But they can’t all be bad, can they? Surely there are bouncers out there who are polite and conscientious; who put their physical well-being on the line to ensure venues that hire them are safe and secure for patrons to enjoy. I know this to be true, because for a very brief moment, I was one.
Several years ago, I was working as a bartender at small basement bar in Bondi, frequented almost exclusively by locals. One day, when the bouncer failed to turn up for work, the manager asked me to stand at the door. It was a meet-and-greet job a monkey could do, and it meant a bit of variety from what was an otherwise mundane job. I was happy to give it a go.
The night went swimmingly. Patrons who for months had done nothing but shout drink orders at me took time to greet me. I was invited to an after-party. Girls bought me cigarettes and drinks. I rejected no one and had no intention of doing so, until a group of meatheads in Lycra-tight T-shirts who looked like real bouncers turned up at the door.
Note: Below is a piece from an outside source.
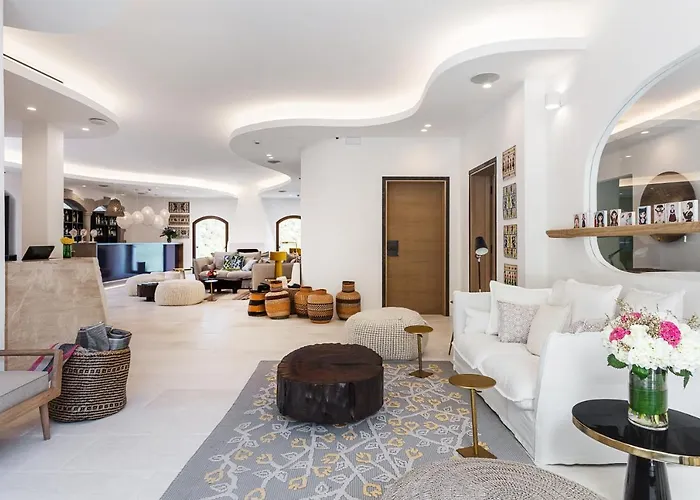 Delle Rose A Luxury Boutique Πόρτο Τσέρβο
“Sorry guys, private party,” I said, repeating the words that had so often been addressed to me.
A moment later, two regulars -- one breaching our dress code by wearing shorts -- walked up behind them.
“Step aside,” I told the undesirables, greeting the other two and welcoming them inside.
“What about those two?” demanded the largest of the five, squaring up to me. It was like the scene from "Rocky 4" where Rocky Balboa faces off to Ivan Drago’s cleavage, except there were five of them and only one of me -- and the largest block in my food pyramid isn’t anabolic steroids.
“Private party,” I repeated, without blinking. It was imperative I retained my composure. Otherwise, I was dead.
My adversary looked me dead in the eye, turned around and looked to his mates for guidance. One of them said “stuff this” and walked off. The others followed. My adversary backed off.
I finally knew what it felt like to be a bouncer. But in retrospect I realise what I really felt that day was my bulging ego.